* Data extracted from a collection:
┄┄┄┄┄┄

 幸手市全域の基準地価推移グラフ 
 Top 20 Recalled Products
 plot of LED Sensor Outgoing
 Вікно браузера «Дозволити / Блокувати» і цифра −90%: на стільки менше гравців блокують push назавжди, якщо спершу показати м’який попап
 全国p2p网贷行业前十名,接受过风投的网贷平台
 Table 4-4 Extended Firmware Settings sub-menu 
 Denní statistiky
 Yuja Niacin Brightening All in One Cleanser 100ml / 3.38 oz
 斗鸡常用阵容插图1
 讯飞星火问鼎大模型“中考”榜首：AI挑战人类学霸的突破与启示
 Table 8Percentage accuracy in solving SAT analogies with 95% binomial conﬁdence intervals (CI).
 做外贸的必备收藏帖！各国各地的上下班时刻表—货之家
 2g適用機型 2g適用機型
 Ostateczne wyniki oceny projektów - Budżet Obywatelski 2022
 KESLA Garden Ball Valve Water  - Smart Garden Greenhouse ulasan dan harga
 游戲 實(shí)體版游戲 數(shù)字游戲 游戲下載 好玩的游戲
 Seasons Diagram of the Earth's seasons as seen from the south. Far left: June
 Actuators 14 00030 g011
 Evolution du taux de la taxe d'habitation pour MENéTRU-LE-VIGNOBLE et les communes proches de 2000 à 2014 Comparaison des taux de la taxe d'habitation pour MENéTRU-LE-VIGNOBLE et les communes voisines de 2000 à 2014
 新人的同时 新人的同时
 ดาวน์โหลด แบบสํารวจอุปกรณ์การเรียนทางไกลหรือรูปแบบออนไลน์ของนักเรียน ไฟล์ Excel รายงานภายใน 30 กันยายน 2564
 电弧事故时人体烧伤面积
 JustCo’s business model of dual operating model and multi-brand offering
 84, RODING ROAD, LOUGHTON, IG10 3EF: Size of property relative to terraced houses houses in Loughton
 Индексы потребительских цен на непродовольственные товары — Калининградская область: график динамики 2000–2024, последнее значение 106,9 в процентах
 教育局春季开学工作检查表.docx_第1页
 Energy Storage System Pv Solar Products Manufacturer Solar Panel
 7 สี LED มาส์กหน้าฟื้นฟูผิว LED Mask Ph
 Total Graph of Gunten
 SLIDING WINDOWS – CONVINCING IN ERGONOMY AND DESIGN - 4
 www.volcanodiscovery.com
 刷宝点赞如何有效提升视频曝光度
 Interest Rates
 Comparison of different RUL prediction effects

┄┄┄┄┄┄

* Your instructions: The output consists solely of the lines from the line that contains "www.volcanodiscovery.com" through the final line of the data.

* Answer to the exercise:
 www.volcanodiscovery.com
 刷宝点赞如何有效提升视频曝光度
 Interest Rates
 Comparison of different RUL prediction effects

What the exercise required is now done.